■ Assignment ■
Transcribe the listing below only from the line with "TERASEST SURVEKOHVIMASIN, ESPRESSO-KOHVIVALMISTUSSEADE, 450" up to and including the line with "Sx-2zh8 Fram Extra".

■ Source material ■
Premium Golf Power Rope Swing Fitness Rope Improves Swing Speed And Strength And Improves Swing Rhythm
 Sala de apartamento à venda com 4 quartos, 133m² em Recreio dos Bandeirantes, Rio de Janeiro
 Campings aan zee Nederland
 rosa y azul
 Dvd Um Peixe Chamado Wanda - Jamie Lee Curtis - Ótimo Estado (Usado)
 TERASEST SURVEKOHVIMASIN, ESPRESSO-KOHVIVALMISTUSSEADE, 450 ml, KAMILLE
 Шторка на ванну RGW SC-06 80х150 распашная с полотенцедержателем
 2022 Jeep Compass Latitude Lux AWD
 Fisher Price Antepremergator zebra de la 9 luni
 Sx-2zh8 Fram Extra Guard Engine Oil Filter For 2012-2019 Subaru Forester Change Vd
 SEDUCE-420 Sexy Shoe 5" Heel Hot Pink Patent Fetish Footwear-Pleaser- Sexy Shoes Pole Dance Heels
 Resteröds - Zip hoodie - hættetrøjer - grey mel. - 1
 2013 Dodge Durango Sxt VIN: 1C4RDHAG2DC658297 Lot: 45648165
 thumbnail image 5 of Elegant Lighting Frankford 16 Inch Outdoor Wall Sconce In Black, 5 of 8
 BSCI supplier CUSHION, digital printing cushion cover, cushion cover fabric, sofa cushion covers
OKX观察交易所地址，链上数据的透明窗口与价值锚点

■ Result of this task ■
 TERASEST SURVEKOHVIMASIN, ESPRESSO-KOHVIVALMISTUSSEADE, 450 ml, KAMILLE
 Шторка на ванну RGW SC-06 80х150 распашная с полотенцедержателем
 2022 Jeep Compass Latitude Lux AWD
 Fisher Price Antepremergator zebra de la 9 luni
 Sx-2zh8 Fram Extra Guard Engine Oil Filter For 2012-2019 Subaru Forester Change Vd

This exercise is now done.